A crise explicitou os impactos perversos do ajuste fiscal efetuado de forma linear, cortando a esmo previsões orçamentárias e contingenciando de maneira uniforme os recursos. Foi solenemente desprezada a relevância estratégica e operacional de cada item de gasto, como destacou relatório recente do TCU (Tribunal de Contas da União).
As ações de governo dirigidas a operação, manutenção e desenvolvimento do sistema de controle do espaço aéreo brasileiro deveriam ser custeadas quase que integralmente por receitas decorrentes de tarifas. Mas o Tesouro Nacional toma grande parte dos recursos do sistema aeroportuário e os lança em seu cofre para fechar as contas.
Segundo o TCU, nos últimos seis anos o governo deixou de repassar ao Comando da Aeronáutica cerca de R$ 582 milhões. Assim, limitou a capacidade das instituições de prover com efetividade o serviço de controle do tráfego aéreo, bem como de ampliar sua capacidade operacional para absorver o fluxo crescente de passageiros.
Se a Infraero e o Tesouro Nacional garantissem a transferência e o uso das receitas arrecadadas pelo sistema aéreo, ele poderia se auto-sustentar, o que viabilizaria a sua manutenção e a sua modernização.

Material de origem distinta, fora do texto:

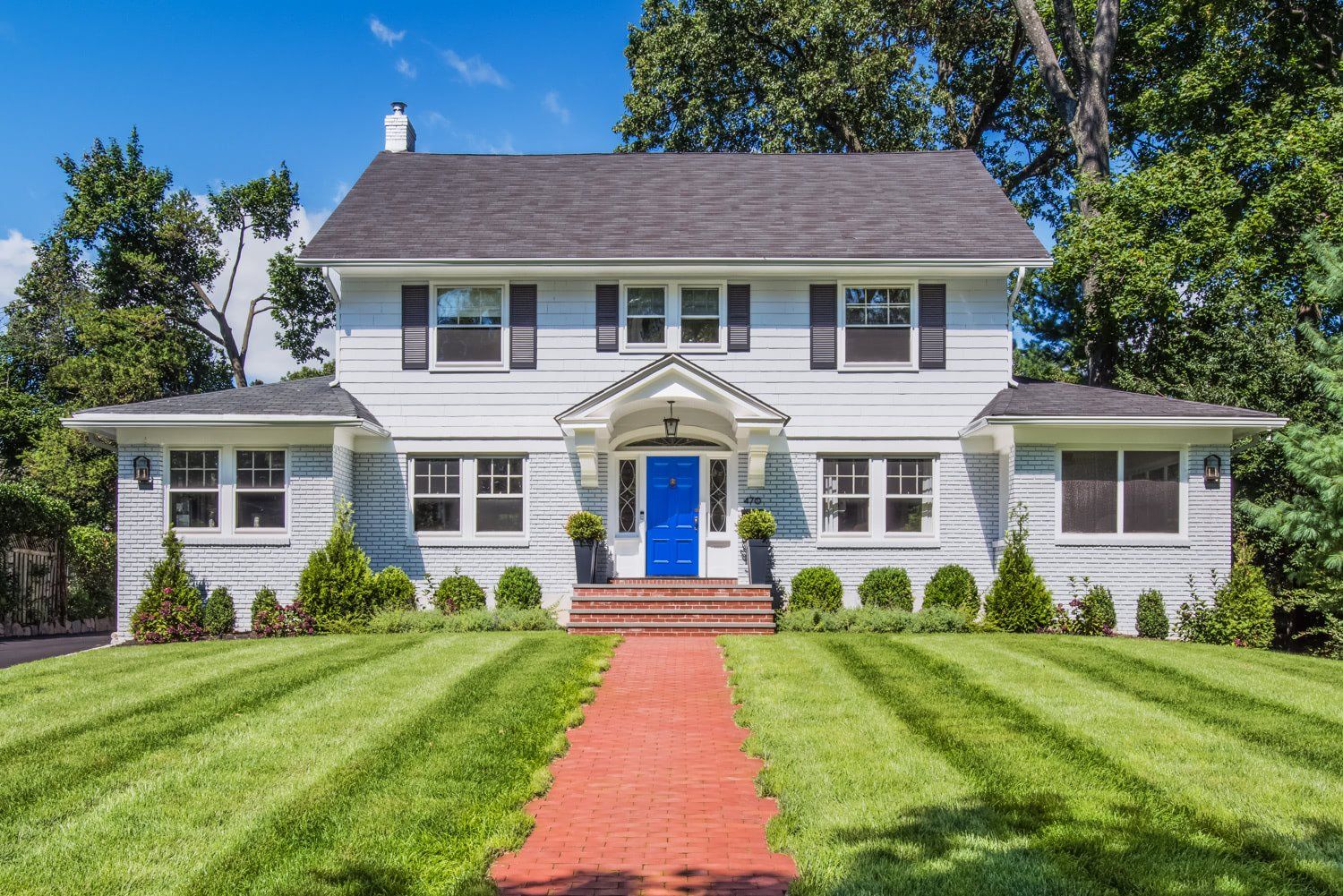 A white house with a blue door and a red walkway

A Aeronáutica recebeu recursos extras para compra de equipamentos e foi autorizada a fazer concurso para contratação de mais controladores. A persistência da crise, no entanto, demonstra a necessidade de aperfeiçoar o planejamento do sistema de tráfego aéreo brasileiro, projetando o aumento da demanda de vôos, estimulando a concorrência por meio da autorização para a entrada de novas empresas etc.
A baderna aérea demonstra, sobretudo, a necessidade urgente de acabar com o modo preguiçoso de fazer ajustes fiscais no Brasil. Quantos outros "apagões" não estarão em gestação devido a esse mesmo mal de origem?